Exercise requirements>
Run through the records and, wherever a line holds the word "Photo", return that line.

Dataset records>
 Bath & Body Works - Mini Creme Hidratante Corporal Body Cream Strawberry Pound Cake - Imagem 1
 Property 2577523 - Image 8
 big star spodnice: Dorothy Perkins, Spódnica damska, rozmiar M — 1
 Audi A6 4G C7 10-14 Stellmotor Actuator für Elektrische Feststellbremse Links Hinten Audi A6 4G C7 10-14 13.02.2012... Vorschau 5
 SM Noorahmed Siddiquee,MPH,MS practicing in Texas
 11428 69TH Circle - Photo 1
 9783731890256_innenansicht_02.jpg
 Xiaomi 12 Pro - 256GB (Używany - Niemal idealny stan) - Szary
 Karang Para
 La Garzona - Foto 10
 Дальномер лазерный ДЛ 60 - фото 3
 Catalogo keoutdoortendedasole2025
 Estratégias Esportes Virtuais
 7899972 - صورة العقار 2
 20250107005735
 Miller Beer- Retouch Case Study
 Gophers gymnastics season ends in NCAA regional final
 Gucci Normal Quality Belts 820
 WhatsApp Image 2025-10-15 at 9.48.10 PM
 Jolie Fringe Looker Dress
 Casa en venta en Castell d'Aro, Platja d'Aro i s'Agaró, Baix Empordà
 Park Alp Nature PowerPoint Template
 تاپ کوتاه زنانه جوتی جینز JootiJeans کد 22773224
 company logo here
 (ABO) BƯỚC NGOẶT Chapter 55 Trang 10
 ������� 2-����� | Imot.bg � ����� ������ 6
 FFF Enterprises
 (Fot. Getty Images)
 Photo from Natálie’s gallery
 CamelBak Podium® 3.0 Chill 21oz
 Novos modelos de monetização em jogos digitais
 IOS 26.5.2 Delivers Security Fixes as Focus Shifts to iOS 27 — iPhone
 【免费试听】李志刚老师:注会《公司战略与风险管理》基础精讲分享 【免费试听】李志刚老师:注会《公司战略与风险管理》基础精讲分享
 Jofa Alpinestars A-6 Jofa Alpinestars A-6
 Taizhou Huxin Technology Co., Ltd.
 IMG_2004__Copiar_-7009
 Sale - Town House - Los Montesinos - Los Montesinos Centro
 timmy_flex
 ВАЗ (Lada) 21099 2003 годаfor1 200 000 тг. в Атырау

The completed task>
 11428 69TH Circle - Photo 1
 Photo from Natálie’s gallery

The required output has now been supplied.